Tradición familiar

Con el corazón a mil y sin aire en mis pulmones, conseguí llegar a la buhardilla de la casa de mis padres. Prefería no pensar en cómo lo había logrado, ya que era probable que jamás pudiera volver a llegar a ese rincón una vez bajara de nuevo. Miré a mi alrededor. Un solitario haz de luz iluminaba aquel lugar. Las motas de polvo flotaban sin alterarse por mi presencia. Todo parecía estar decorado con telas de araña, aunque no había ni rastro de sus creadoras.

Sentado con las piernas colgando en el agujero que hacía de entrada a la buhardilla, no sabía muy bien por dónde empezar. Siendo sinceros, tampoco sabía muy bien qué estaba buscando exactamente. Muebles antiguos y cajas cargadas de recuerdos eran lo único que habíamos guardado con el paso de años. Agarré mi bastón y di con la empuñadura tres toques al suelo. No hizo mucho ruido, pero la reverberación lo exageró en demasía. Qué incrédulo había sido al pensar que podría haber andado con libertad por esa zona de la casa.

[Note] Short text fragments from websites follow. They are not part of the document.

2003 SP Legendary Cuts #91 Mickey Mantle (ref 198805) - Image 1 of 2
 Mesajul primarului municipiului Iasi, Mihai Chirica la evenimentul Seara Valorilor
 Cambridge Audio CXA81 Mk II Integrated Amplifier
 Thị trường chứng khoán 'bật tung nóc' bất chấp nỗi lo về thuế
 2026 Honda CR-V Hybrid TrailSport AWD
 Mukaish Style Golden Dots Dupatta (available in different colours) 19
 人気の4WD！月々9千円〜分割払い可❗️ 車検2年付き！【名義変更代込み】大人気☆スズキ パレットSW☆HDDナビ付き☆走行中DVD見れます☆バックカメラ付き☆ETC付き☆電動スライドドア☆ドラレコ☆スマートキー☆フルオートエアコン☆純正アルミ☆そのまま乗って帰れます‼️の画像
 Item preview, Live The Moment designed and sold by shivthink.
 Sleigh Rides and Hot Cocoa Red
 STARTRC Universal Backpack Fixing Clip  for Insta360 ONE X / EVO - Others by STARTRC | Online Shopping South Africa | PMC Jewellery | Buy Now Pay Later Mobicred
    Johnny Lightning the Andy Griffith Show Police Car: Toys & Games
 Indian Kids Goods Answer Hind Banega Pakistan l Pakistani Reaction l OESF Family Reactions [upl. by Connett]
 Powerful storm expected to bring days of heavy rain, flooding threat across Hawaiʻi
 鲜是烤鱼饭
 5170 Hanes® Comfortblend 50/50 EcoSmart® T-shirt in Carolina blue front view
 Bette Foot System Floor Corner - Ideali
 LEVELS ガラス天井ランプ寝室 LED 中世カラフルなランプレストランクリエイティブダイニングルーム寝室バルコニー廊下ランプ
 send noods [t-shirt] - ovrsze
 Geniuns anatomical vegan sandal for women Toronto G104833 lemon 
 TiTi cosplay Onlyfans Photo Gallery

Resoplé y me incliné hacia un lado para coger una de las cajas. La abrí sin mucha dificultad y empecé a curiosear su contenido. Un montón de carpetas con documentos de Hacienda, que debieron de ser importantes en su momento. Un collar para nuestro gato Carlo (nunca se lo llegamos a poner). Un puñado de fotos de mis padres en bodas y comuniones. Botones sueltos. Una cajita de metal verde. Un par de relojes de mi padre, uno de ellos roto. Unas tijeras de costura. Cuatro libros de bolsillo antiguos. Un montón de billetes avión grapados. Una araña de patas largas, muerta. Un tapón de rosca de una botella. Un boli de una aseguradora que ya había quebrado.

Volví a la cajita verde e intenté abrirla. Estaba atascada. Intenté forzarla con mis dedos hasta que se pusieron blancos. Luego intenté abrirla con mis uñas, pero me las había cortado dos días antes y no tenía suficiente palanca. La dejé en el suelo y le di un par de golpes suaves con mi bastón. No sirvió, así que le di otro par de golpes duros. Logré hacerle una mella en la tapa, pero por lo demás no se movió.

—Hija de la gran…

 Me giré hacia otras cajas de cartón y rebusqué en su interior. En la tercera caja que abrí, encontré un destornillador oxidado. Perfecto. Inserté su punta plana en la unión entre la tapa y el resto de la cajita. La sujeté con una mano para que no se moviera y con la otra puse como pude todo mi peso encima.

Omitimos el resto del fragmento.